EXERCISE AIM:
Every entry below is to be copied word for word, with its pictures removed.

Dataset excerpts
-*-

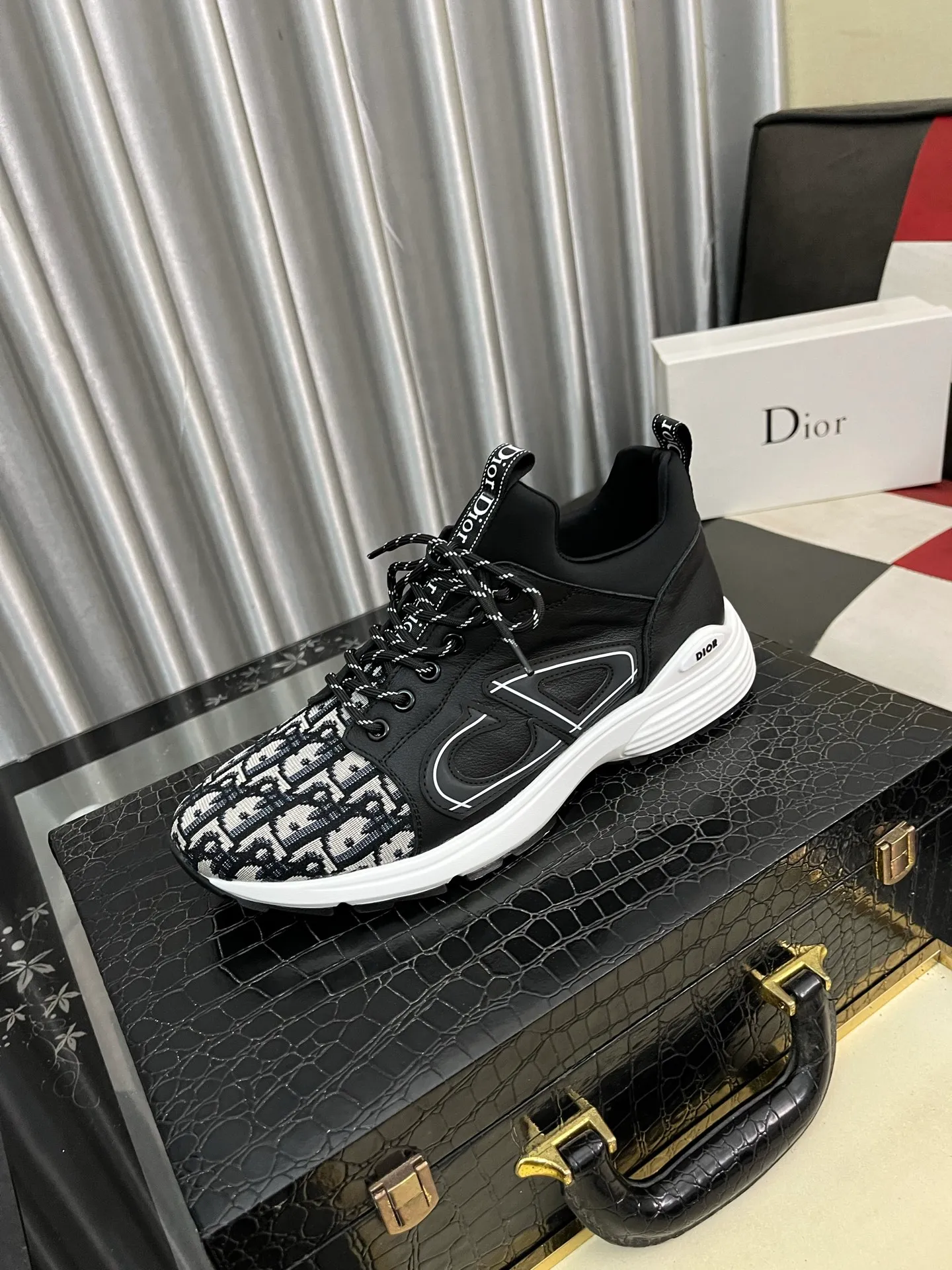 Men's clothing and shoes 💰458⌚️⌚️ Dior's casual and sporty style is combined with the elements of dad bag-soled shoes. It has successfully broken through the dad shoe style that has been on the streets in recent years and has become a beautiful landscape in luxury goods. The fabric is high mercerized with breathable mesh. The mesh on both sides of the shoe is made of three layers of composite technology. The bottom process uses package molding fabrics: imported high mercerized 🐂 cowhide stitching with original customized D-shaped mesh code number: 38-445️⃣Colors available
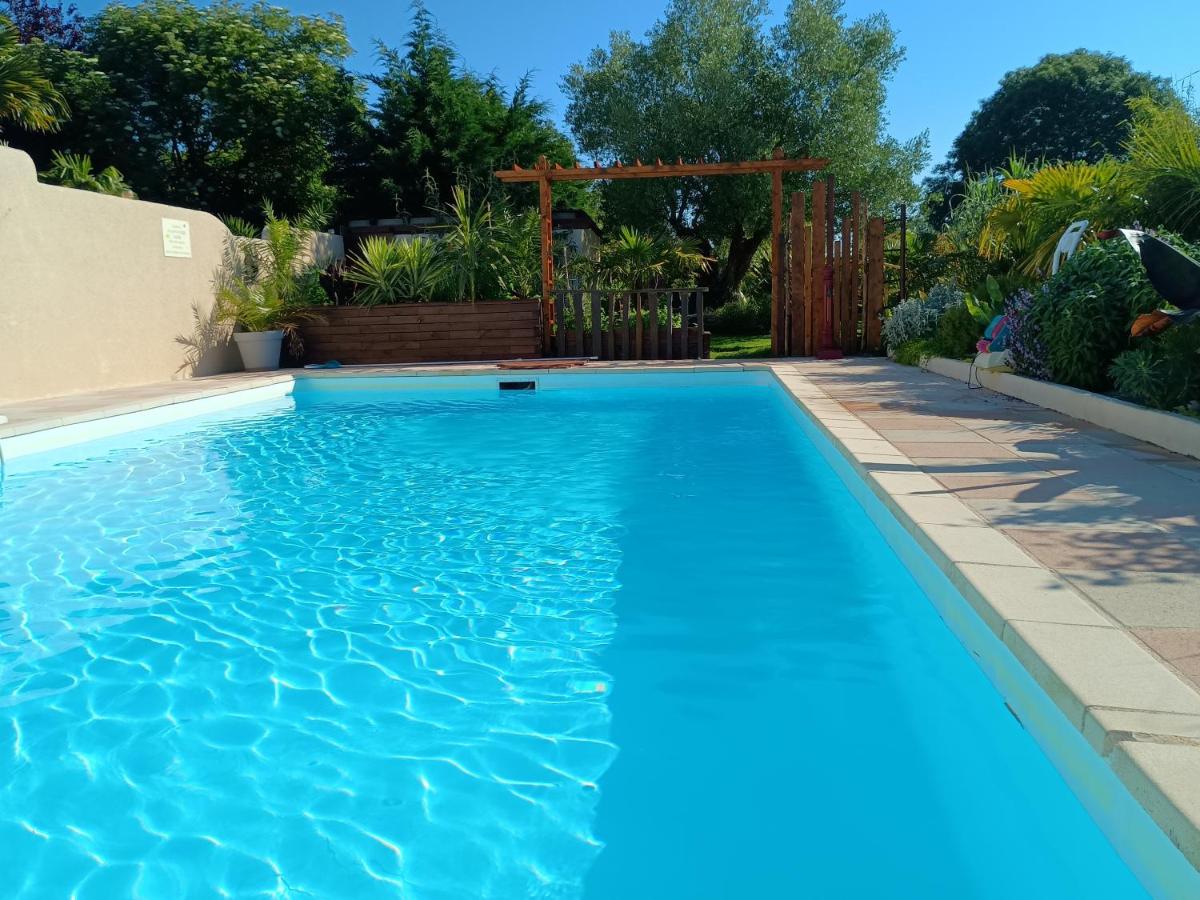 gite les rosiers au domaine des Sauvineries - B&B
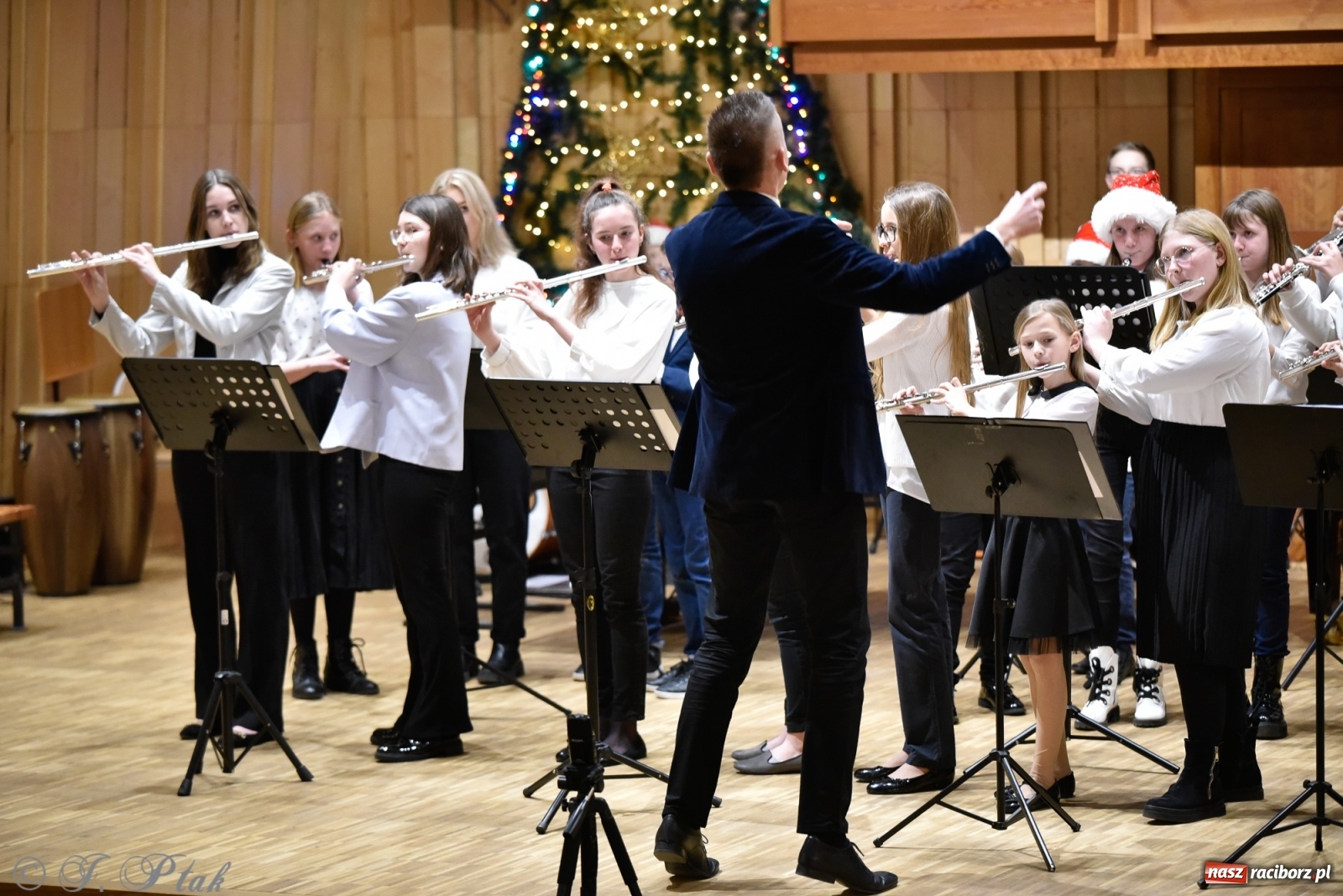 Zdjęcie w galerii na portalu naszraciborz.pl: Koncert świąteczny w raciborskiej szkole muzycznej [FOTO i WIDEO] wiadomości z regionu
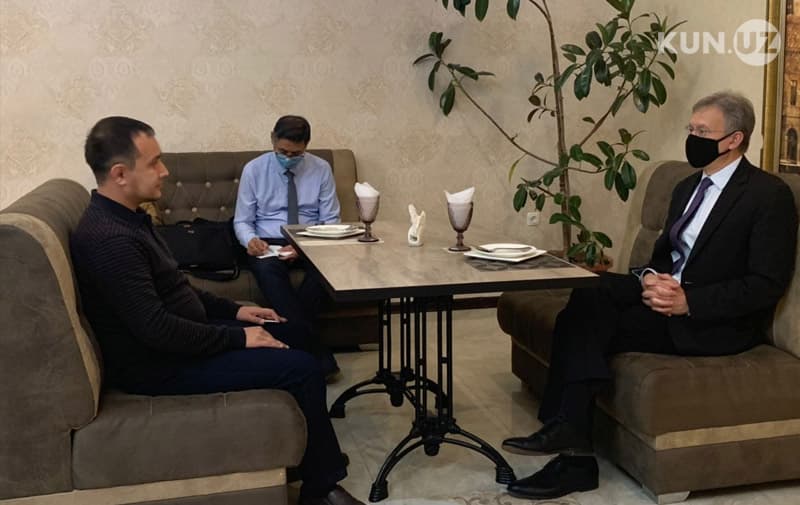 Deniyel Rozenblyum: AQShda prezident almashishi O‘zbekistonga nisbatan siyosatda katta o‘zgarishlarga sabab bo‘lmaydi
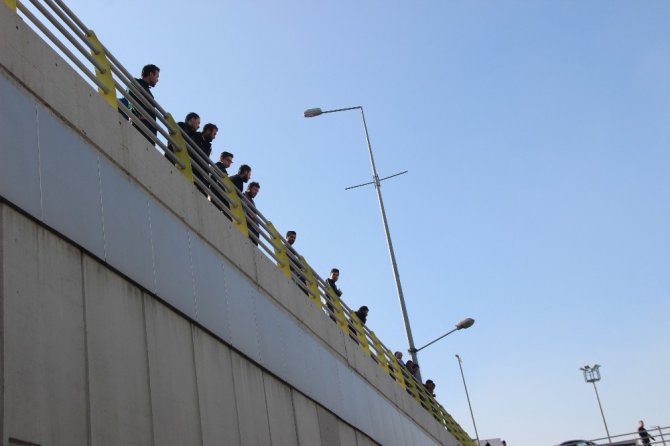 Otomobilin çarptığı motosiklet sürücüsü beton mikserinin altında can verdi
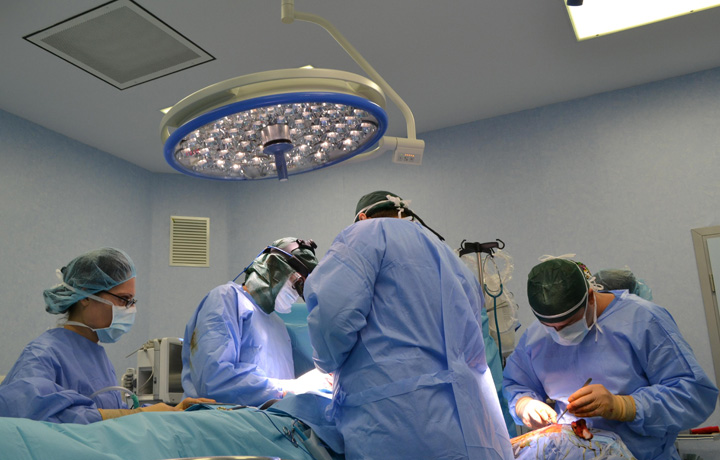 operatie-pe-cord-medici-sala-de-operatie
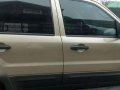 2004 Ford Escape-8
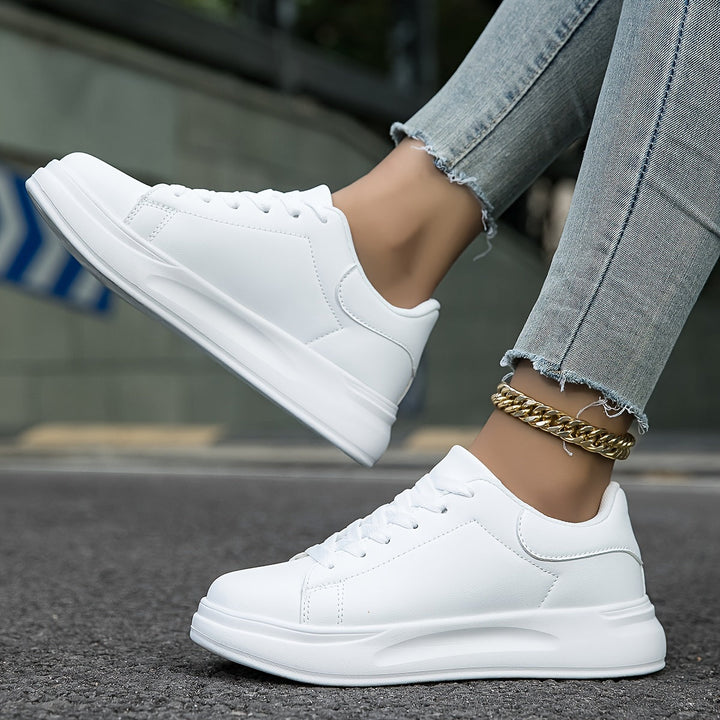 Weiße Damen Ledersneaker, stilvoll und orthopädisch, Nahaufnahme der seitlichen Ansicht mit Schnürung und Gummisohle.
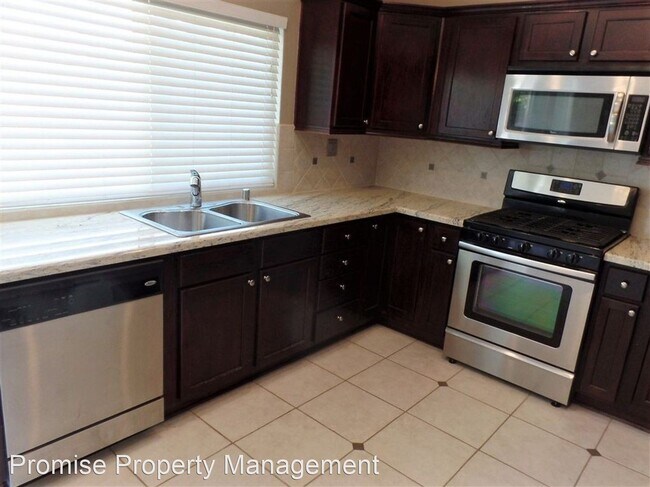 Foto del edificio - 3 br, 2 bath House - 1249 Remington Ct.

-*-

RESPONSE:
 Men's clothing and shoes 💰458⌚️⌚️ Dior's casual and sporty style is combined with the elements of dad bag-soled shoes. It has successfully broken through the dad shoe style that has been on the streets in recent years and has become a beautiful landscape in luxury goods. The fabric is high mercerized with breathable mesh. The mesh on both sides of the shoe is made of three layers of composite technology. The bottom process uses package molding fabrics: imported high mercerized 🐂 cowhide stitching with original customized D-shaped mesh code number: 38-445️⃣Colors available
 gite les rosiers au domaine des Sauvineries - B&B
 Zdjęcie w galerii na portalu naszraciborz.pl: Koncert świąteczny w raciborskiej szkole muzycznej [FOTO i WIDEO] wiadomości z regionu
 Deniyel Rozenblyum: AQShda prezident almashishi O‘zbekistonga nisbatan siyosatda katta o‘zgarishlarga sabab bo‘lmaydi
 Otomobilin çarptığı motosiklet sürücüsü beton mikserinin altında can verdi
 operatie-pe-cord-medici-sala-de-operatie
 2004 Ford Escape-8
 Weiße Damen Ledersneaker, stilvoll und orthopädisch, Nahaufnahme der seitlichen Ansicht mit Schnürung und Gummisohle.
 Foto del edificio - 3 br, 2 bath House - 1249 Remington Ct.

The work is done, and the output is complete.